One of the big problems of hypermobile EDS is the pain. It’s not hyperbolic to say that, in general, we’re always in pain. From waking up with a sore back from having slept the wrong way up (every way is the wrong way up), to the last crack of a shoulder as you brush your teeth at night, something is going to hurt.
At this point, many people will say “Ah, chronic pain, we understand that”, but they’d be wrong. Chronic pain, technically, is pain which has long outlasted the actual damage to the tissue around it – It’s what’s called neuropathic, meaning that the problem is in the nerves themselves, not in the things they’re connected to – The equivalent of a “check engine” light which is always on, regardless of the status of the engine. In the case of EDS, the check engine light is on, because there is something wrong with the engine.

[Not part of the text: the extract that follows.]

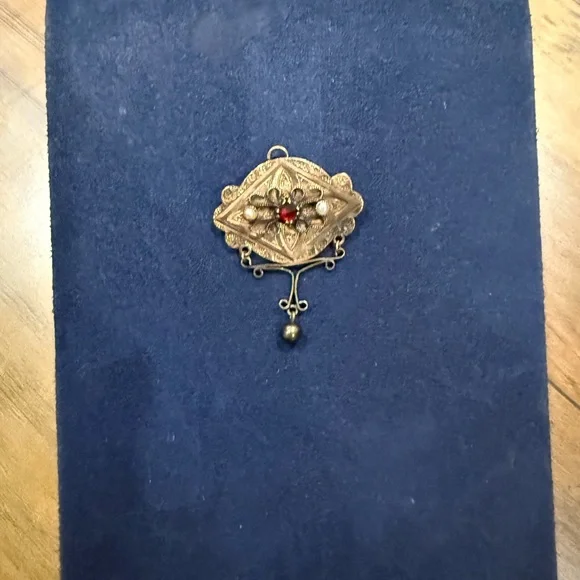 Antique- rose gold filled pearl and ruby pendant 😍 - Picture 3 of 6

Painfully bending a joint far beyond its capacity to naturally move is an injury – Think of the number of TV shows where someone is tortured by having their fingers bent backwards. Dislocating or subluxating a joint is an injury – Think of footballers and rugby players being stretchered off the pitch with their shoulder or their kneecap immobilised and iced up. Compressed or herniated discs in the spine are an injury. Prolapsed internal organs are an injury. Bruises and strains and hairline fractures are an injury.

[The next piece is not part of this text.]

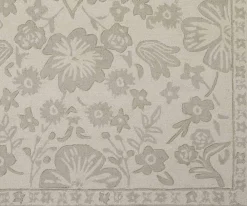 Arboretum Rose Garden Wool-Hooked Rug|RIFLE PAPER Co. New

Effectively, the problem in hypermobile EDS is that just getting out of bed can cause the kind of injuries that you’d expect to see in a rugby scrum, a bareknuckle boxing match, and a car crash, combined.

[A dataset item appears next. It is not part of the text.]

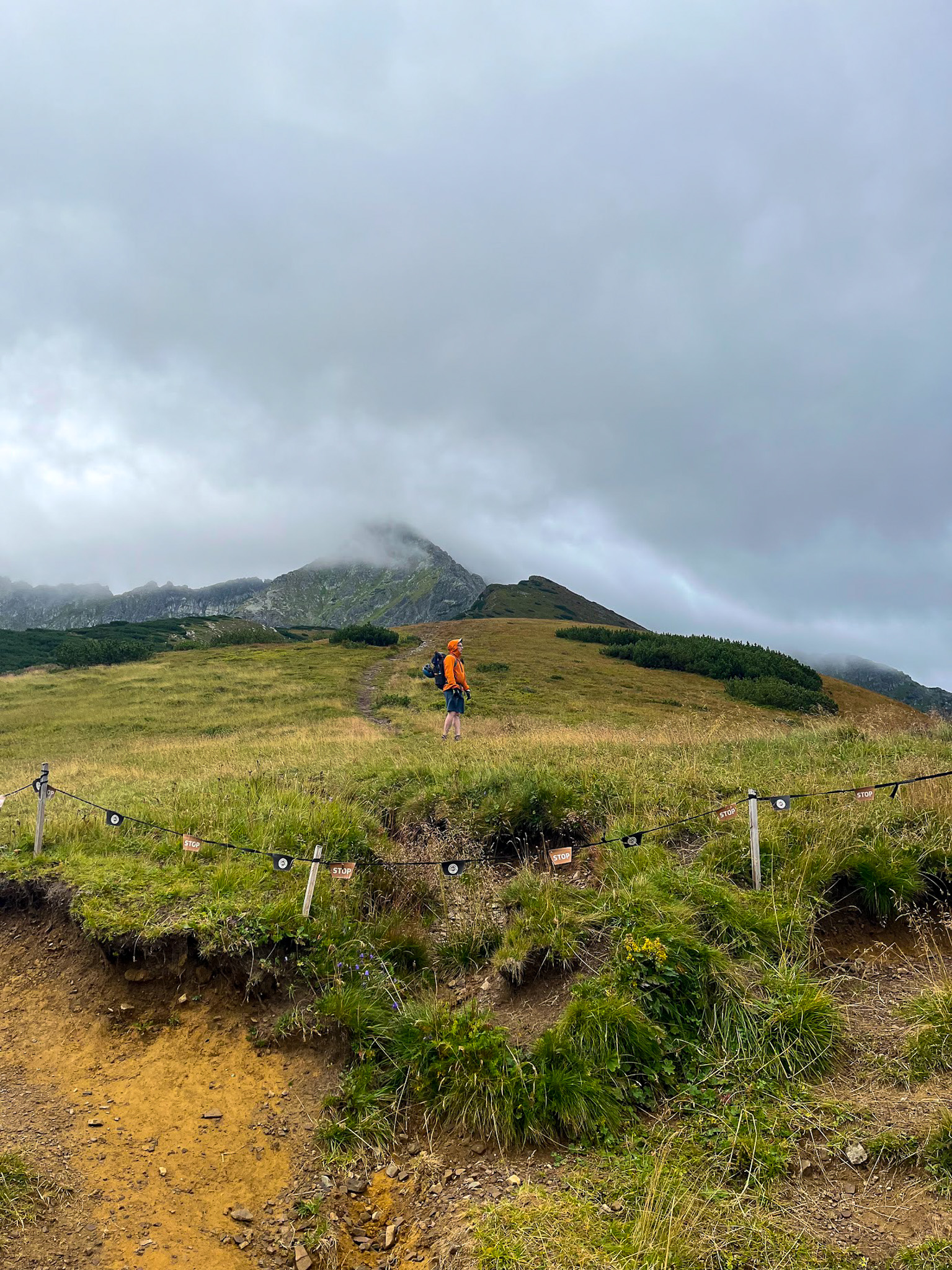 Przełęcz pod Kopą, początek Koperszadzkiej Grani, mijesce zejścia ze szlaku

And that’s where the problem of pain relief comes in. In most cases, in long-term pain, doctors will put the patient on a GABA-analoque or amytriptaline or similar; Something that will treat neuropathic pain. This is, going back to the car metaphor, something that will fix the check engine light and let it switch on and off normally again. What’s needed in hypermobility, though, is something that will fix the problem in the engine, and something else that will cut the wires to the light altogether, at least for a little while at a time. The first is an anti-inflammatory; An NSAID or (in acute problems) a steroid which reduces the swelling around the joints, which are no doubt going to be at least a little swollen, even if not visibly so, from repeated injuries, and which incidentally takes down bruising as well. The second is, invariably, an opioid, which makes some doctors nervous, and some just thankful that they can offer something that works.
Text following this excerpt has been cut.